Наряды по курсу проходили в более жестком режиме. В обязанности дневальных входило наведение порядка, охрана оружейной комнаты и исполнение поручений командиров. Уборщиц, как вы понимаете, не было. Всё начиналось после обеда, подготовка формы, потом обще училищный развод всех «бедолаг» на плацу, затем в шесть вечера три дневальных и дежурный приступали к службе. Прием передача дежурства иногда затягивался надолго, особенно если: между старым и новым дежурным были личные недосказанности в быту, наряд принимал товарищ со старшего курса, либо прежний состав службистов насолил старшине, который и убедил смену отнестись повнимательнее. Нередки были случаи, когда несчастный прежний дежурный старательно вылавливал из всевозможных тайников своих временных подчиненных и уговаривал-таки принять участие в наведении приемлемого порядка. В конечном итоге, в худшем случае к полуночи, процедуры заканчивались, и начиналось суточное веселье следующей четверки.  До отбоя в основном один стоял на входе, около оружейки, остальные чего-то суетились, без особой конкретики. Самое интересное происходило  после отбоя. Один дневальный шёл спать с 22.00 до 1.00, дежурный вставал на тумбочку, а у двоих несчастных наступал период «ада». Во-первых, надо было помыть большой коридор, метров 50 отвратительно желтого линолеума, называлось это «взлетная полоса». К ночи бесконечная лента была изрисована черными каблуками качественных армейских сапог и прочей мерзостью. Дневальные брали щетки, мыло, холодную воду в цинковых шайках, и вставали в красивую позу пьющего оленя, либо в некрасивую «раскоряку», что дела принципиально не меняет. На первом мрачном году службы мытье коридора занимало до трех часов! Руки и колени в мыле, штык-нож (который снимать нельзя) больно бьет по ногам и не видно ни конца, ни края мучениям! В последующие годы данная операция давалась гораздо легче и быстрее, мы умудрялись вылизывать линолеум минут за сорок. В этом видится мне две причины, первая это опыт и движения, доведенные до автоматизма, а второе, это естественное старение каблуков на сапогах, они уже так ярко не рисовали, но до этого было ещё очень далеко.
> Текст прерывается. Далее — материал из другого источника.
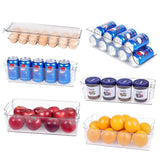 6pcs Stackable Storage Refrigerator Organizers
Наконец полоса закончена, к часу дежурный и один дневальный идут спать до четырех, а двоим оставшимся предстоит коротать три часа, борясь с невероятным желанием спать. Конечно, дежурный оставлял пару приказов по наведению порядка, но кто же спросонья, в четыре часа, будет внимательно проверять поставленные задачи, к тому же, во время крепкого солдатского сна многое забывалось само собой. Однажды я стоял в наряде с Борей Капелистом из первого взвода, коренастым спортивным и простодушным парнем, пришло наше время бодрствовать с часу до четырех, я встал на тумбочку, а напарник  сказал: «Я рядышком на полу немного посижу». Как-то подвоха я от него не ждал. Борька устроился на полу, метрах в пяти от моего поста, прошла пара минут, как он уже храпел, как подорванный! От его «симфонии» трясся пол, потолок, решетка оружейной комнаты и мое тщедушное тельце. Через некоторое время я услышал на лестнице тяжелую поступь дежурного офицера по училищу. «Боря, вставай!», - ноль эмоций. «Капелист, вставай!», - бойцу пофигу. Залет приближался с неумолимостью гибели мирового империализма. Наконец, я соскочил с тумбочки и, рискуя быть застуканным, подбежал к этому коренастому куску сна, стал, что есть силы, дубасить его сапогами по мускулистым бокам! Получилось! За мгновение, до открытия двери, Капелист спал уже на ногах. Дежурный по училищу, конечно, что-то заподозрил, но, за неимением доказательной базы, был вынужден ретироваться без санкций. Примерно так проходили часы «бодрствования» дневальных. Со временем двое договаривались вот о чем: один  стоит на посту  часа полтора, второй, под «сурдинкой» наведения порядка шел, к примеру, в спортивную комнату, где старательно «чистил» мягкие маты, посредством трения оных щеками и боками. Ребятами разрабатывались разные условные сигналы, на случай прихода начальства.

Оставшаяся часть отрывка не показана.